Posted: 12/6/2006 5:19:44 AM
Why do so many men have this ridiculous notion that women are using there sexuality as a bargaining tool? To many women sex is not currency, because you put such a high "currency" value on it doesnt mean that everyone else views it the same way you do.

It is ours to do with what we want. And just because you are feeling horny it doesnt mean she is feeling it too! I have met plently of men that I have been mildly sexually attracted to but I have not had sex with them. Just because I feel a little bit of a tingle it doesnt mean I am all that interested in them as a person. It has nothing to do with my moral code or my self worth. It is all about who I am intersted in sharing it with.

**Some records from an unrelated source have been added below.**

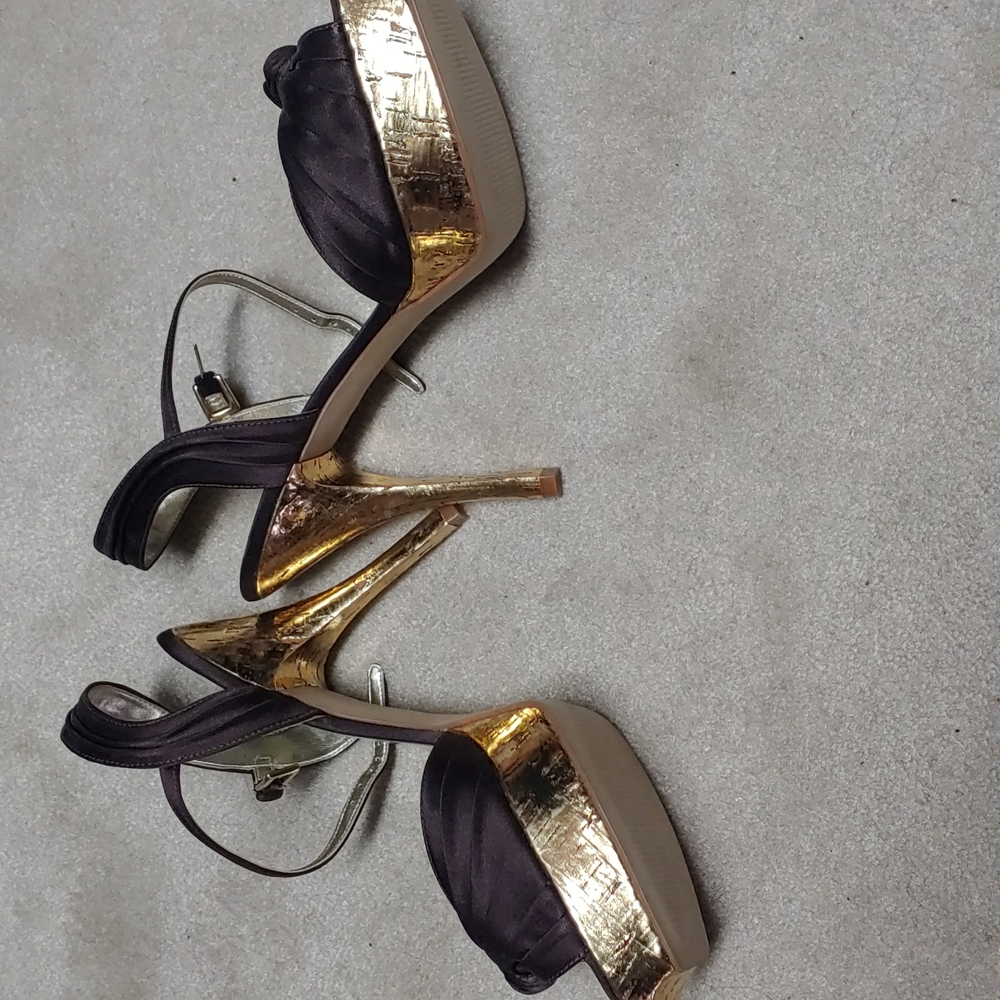 Guess strap pumps - Picture 2 of 4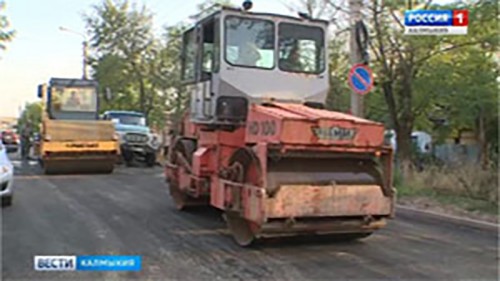 Масштабная реконструкция дорог в Элисте будет продолжена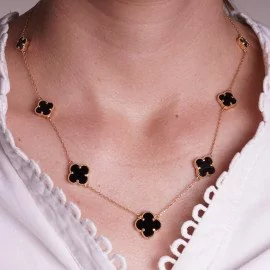 Náhrdelník štvorlístok s ónyxom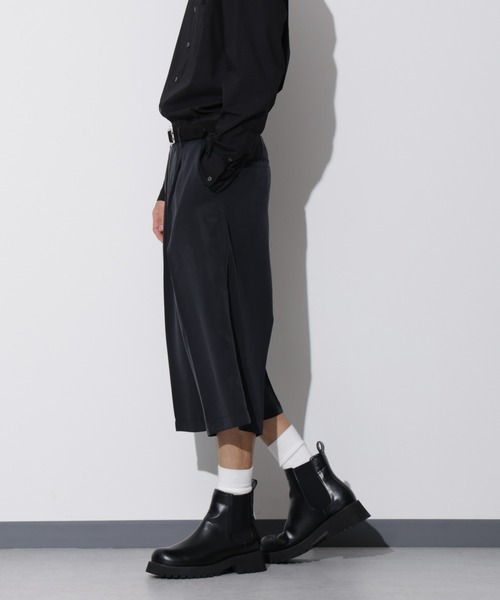 Apo(s)ture(アポスチャー)の「LEWES-004/ センタープリーツサルエルパンツ(その他パンツ・メンズ・ブラック/ベージュ/ネイビー・XS/S/M/L/XL)」の5枚目の写真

If I want to go home and take my toys home with me I can! So stop trying to imply that I am somehow tryign to manipulate you because you want to have sex and I dont! If you are sexually frustrated that is not my problem
 fallen-one
Joined: 9/24/2006
Msg: 116
Why do women find sex on a first date so weird?
Posted: 12/6/2006 7:14:26 AM
hmmmm, whats the easiest way to put it.....
why buy the cow when you get the milk for free?
i think that about sums it up
 fallingangel9837
Joined: 10/5/2006
Msg: 122
Why do women find sex on a first date so weird?
Posted: 12/6/2006 7:20:58 PM
I can't answer this question for anyone else, but I personaly think its just nasty , I wouldnt do it unless there are some serious feelings between me and that person, which takes a little more than a date, or two ... Call me old fashion but thats just me ! Sex means nothing unless there are no feelings with it.
 RandMax
Joined: 12/4/2006
Msg: 125
Why do women find sex on a first date so weird?
Posted: 12/8/2006 5:16:37 PM
MMMMMMMM........... Waffels
Gotta go with Chubby Chick, sometimes, someone just excites you, you may not know why, it just feels right. Later you may find they have an IQ in the low teens, but that shouldn't diminish the thrill. We only live once, I'm not advocating abandoning your morals, just allow yourself a guilty pleasure from time to time.
 Manitobaholdem
Joined: 10/13/2006
Msg: 128
Why do women find sex on a first date so weird?
Posted: 12/8/2006 8:27:31 PM
Let's not generalize... all women don't find it wierd. Some only say that as a defence.. they don't want to look , feel and act like a whore or anything.. but if the chemistry is right...
 browneyedstallion
Joined: 12/29/2006
Msg: 129
Why do women find sex on a first date so weird?
Posted: 1/26/2007 6:36:49 PM
Just curious....why do so many women say they dont like a guy who "just wants sex"? Women often comment they want to wait until the 3rd date or longer to have sex. That its got to be meaningful etc... Why is that?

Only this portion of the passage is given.